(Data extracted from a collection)
-=-=-=-=-
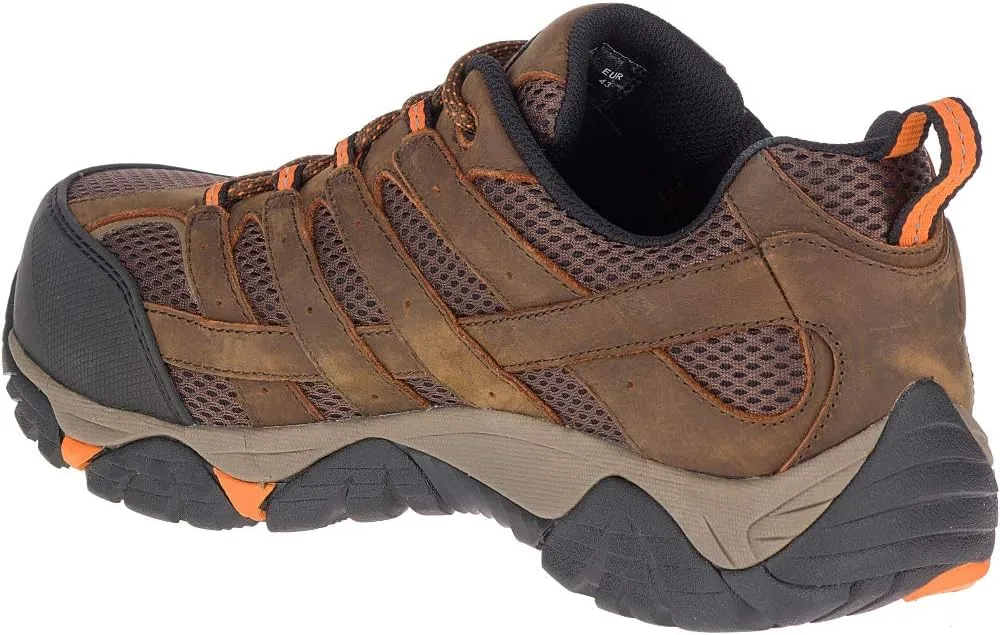 Merrell Men's Moab Vertex Vent Composite Toe Industrial Shoe
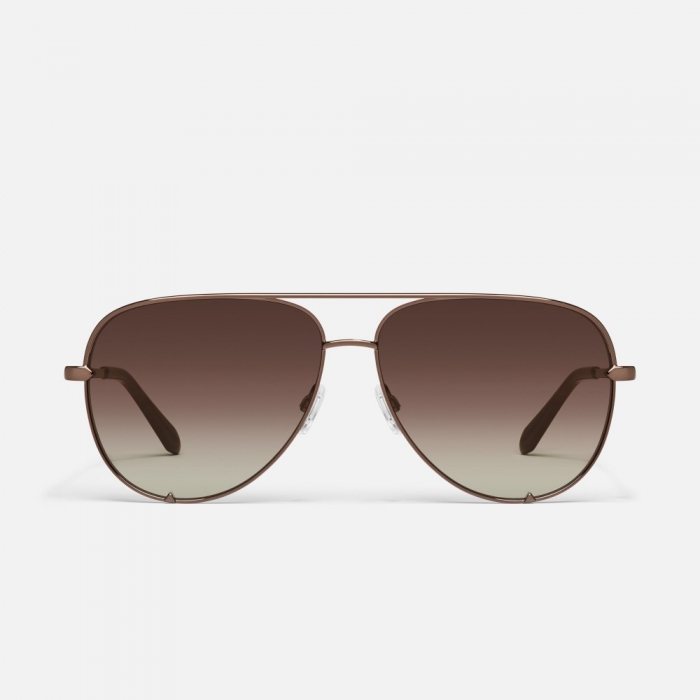 Quay High Key - Chocolate / Dark Brown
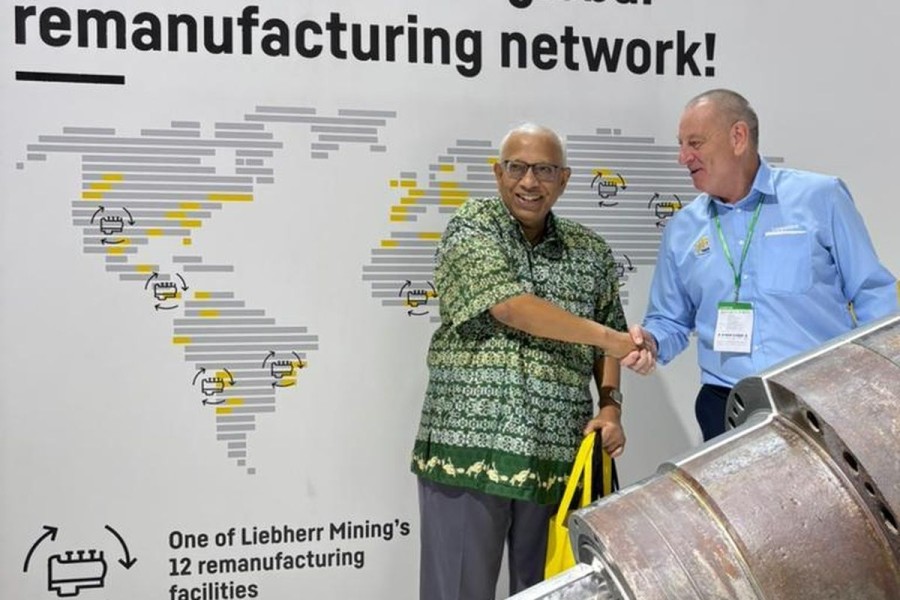 Liebherr Dorong Pertambangan Hijau dengan Inovasi Zero Emission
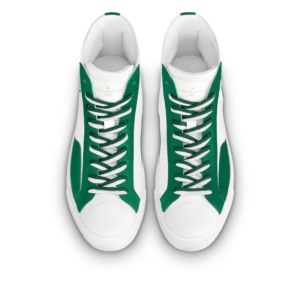 Giay Louis Vuitton Tattoo Trainer Boots "Green White" 1A8XWM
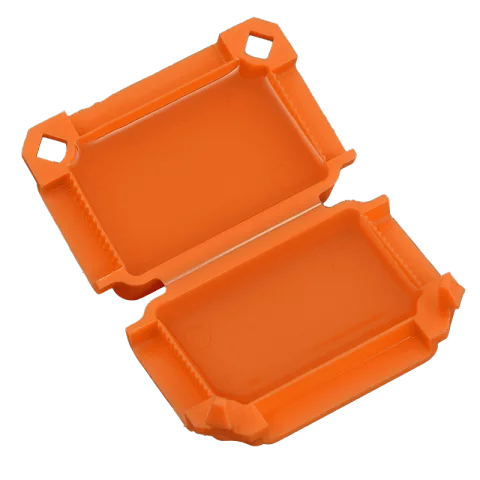 Zselés kábeltoldó 4mm2-ig Géles kábelösszekötő IP68 45x19x28mm Orno OR-SZ-8016/B4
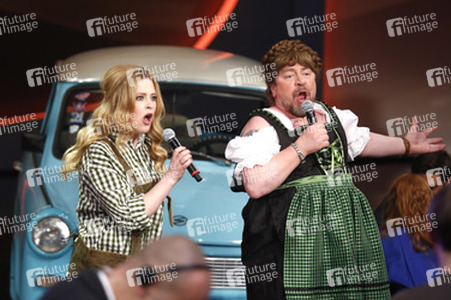 'Wetten, dass..?' TV-Show, Halle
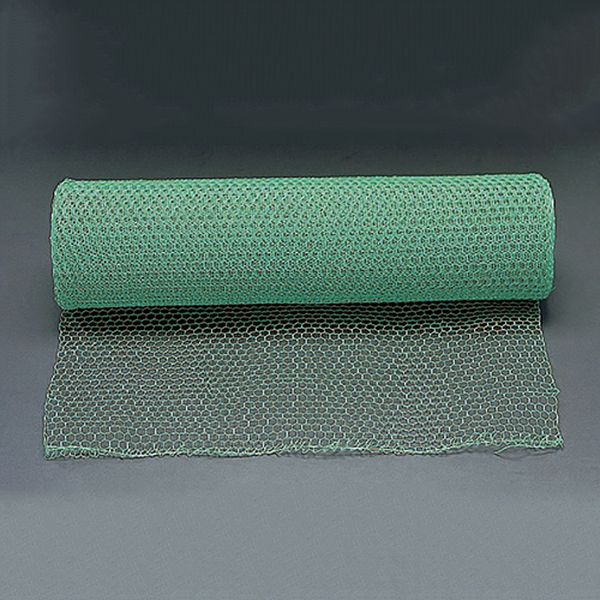 エスコ ESCO 0.91x30m/#18/40mm目 亀甲網(鉄ビニール被覆) EA952AC-41A WO店の通販は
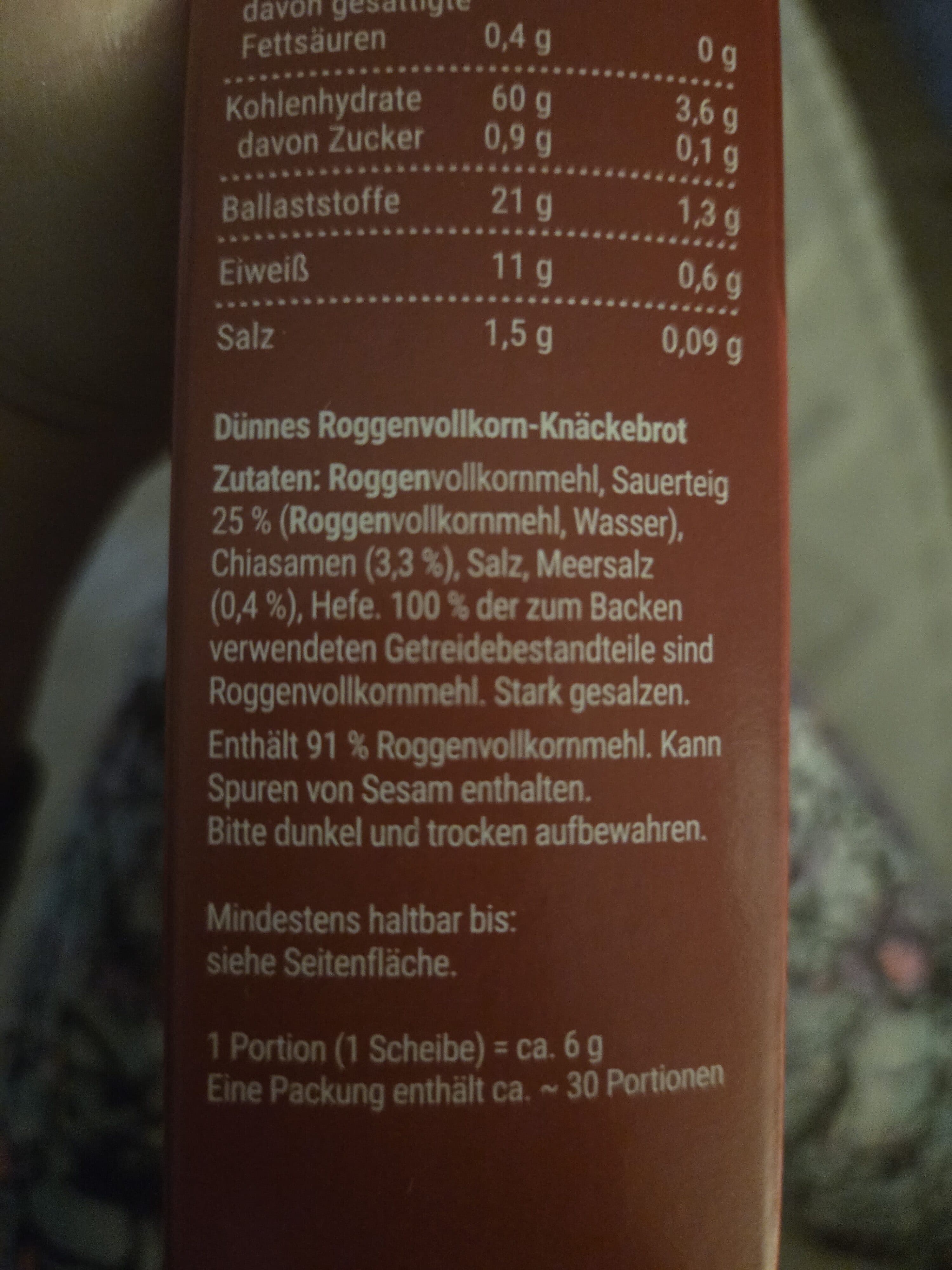 Finn Crisp Finn Crisp Chia packshot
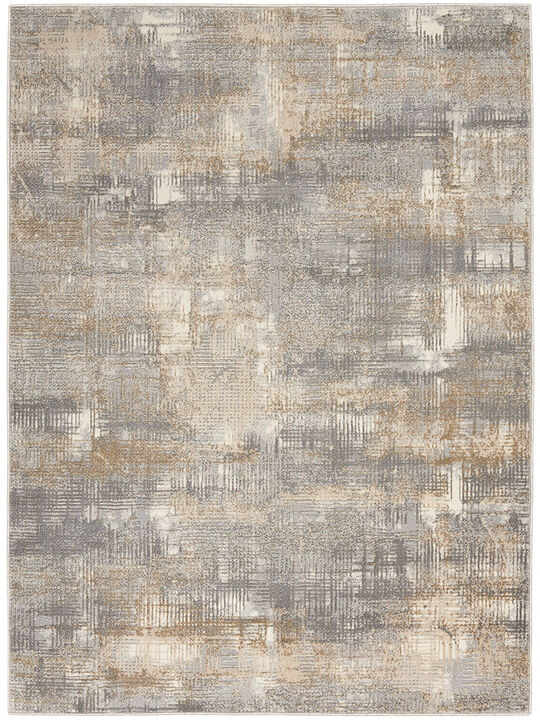 CK950 Rush CK951 Gray/Beige 4' x 6' Rug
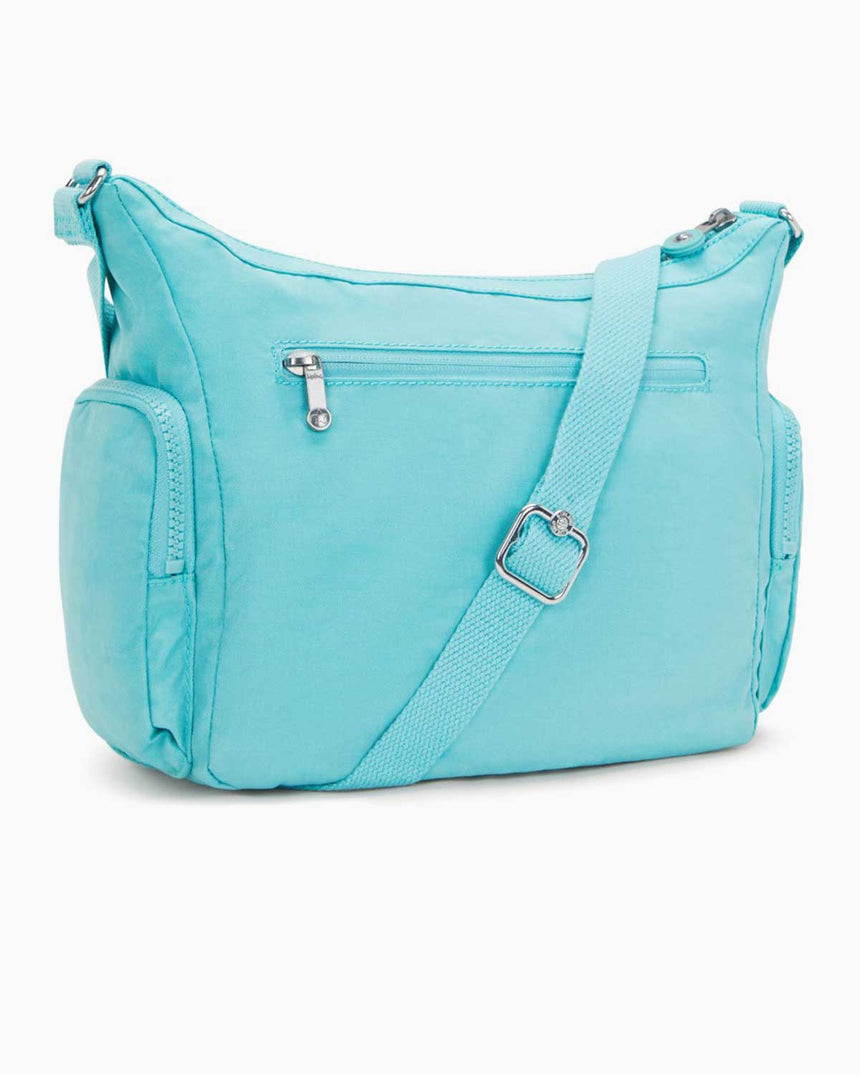 Kipling Gabb S Basic Omuz Çantası Deepest Aqua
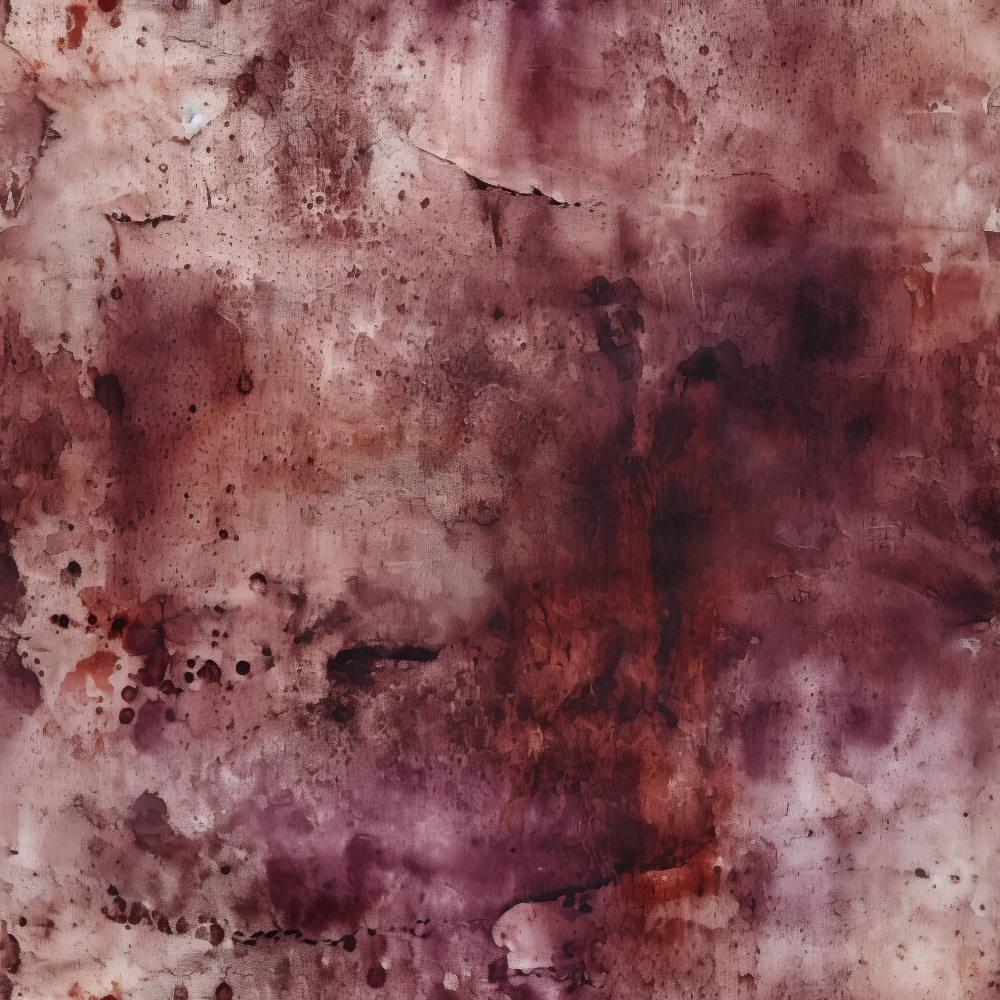 Faded Fresco Pattern 18 Minky Fabric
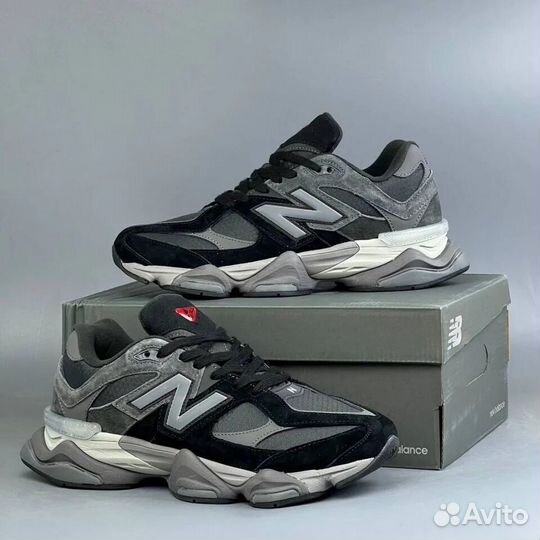 New Balance 9060 Termo Grey Black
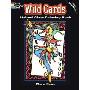 Wild Cards Stained Glass Coloring Book (平装)
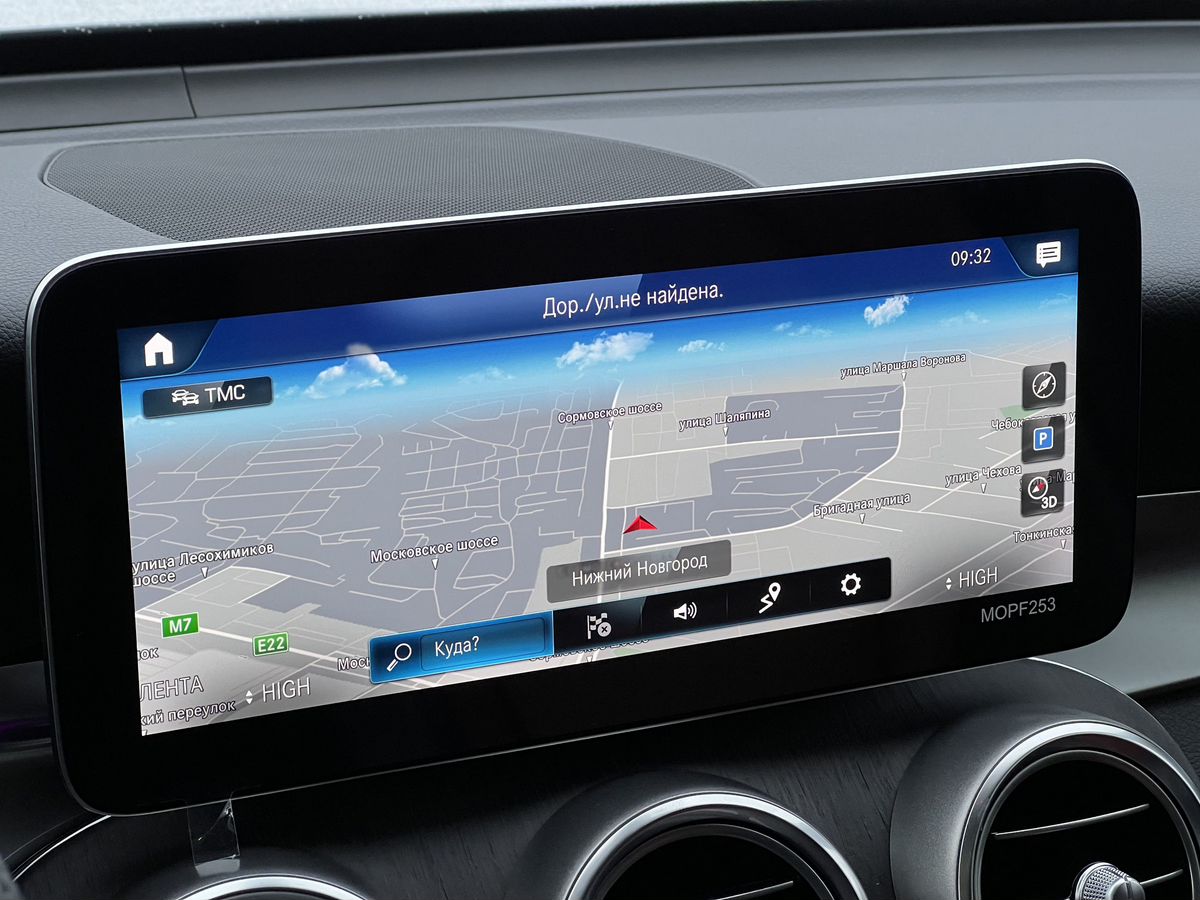 Mercedes-Benz GLC Coupe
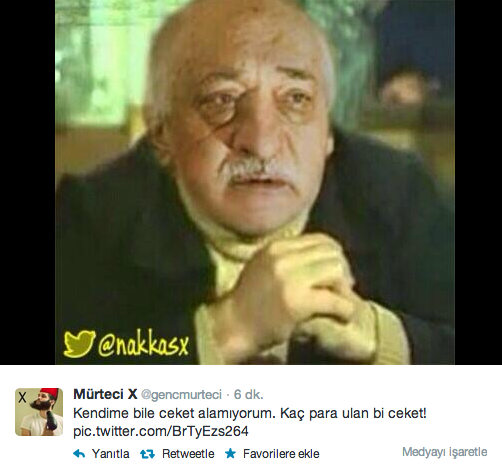 Gülen'in ceketi Twitter'da günün geyiği oldu... - Resim: 4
-=-=-=-=-
PROBLEM REQUIREMENTS: Once the pictures are set aside, repeat the data above exactly.

PROBLEM SOLUTION:
 Merrell Men's Moab Vertex Vent Composite Toe Industrial Shoe
 Quay High Key - Chocolate / Dark Brown
 Liebherr Dorong Pertambangan Hijau dengan Inovasi Zero Emission
 Giay Louis Vuitton Tattoo Trainer Boots "Green White" 1A8XWM
 Zselés kábeltoldó 4mm2-ig Géles kábelösszekötő IP68 45x19x28mm Orno OR-SZ-8016/B4
 'Wetten, dass..?' TV-Show, Halle
 エスコ ESCO 0.91x30m/#18/40mm目 亀甲網(鉄ビニール被覆) EA952AC-41A WO店の通販は
 Finn Crisp Finn Crisp Chia packshot
 CK950 Rush CK951 Gray/Beige 4' x 6' Rug
 Kipling Gabb S Basic Omuz Çantası Deepest Aqua
 Faded Fresco Pattern 18 Minky Fabric
 New Balance 9060 Termo Grey Black
 Wild Cards Stained Glass Coloring Book (平装)
 Mercedes-Benz GLC Coupe
 Gülen'in ceketi Twitter'da günün geyiği oldu... - Resim: 4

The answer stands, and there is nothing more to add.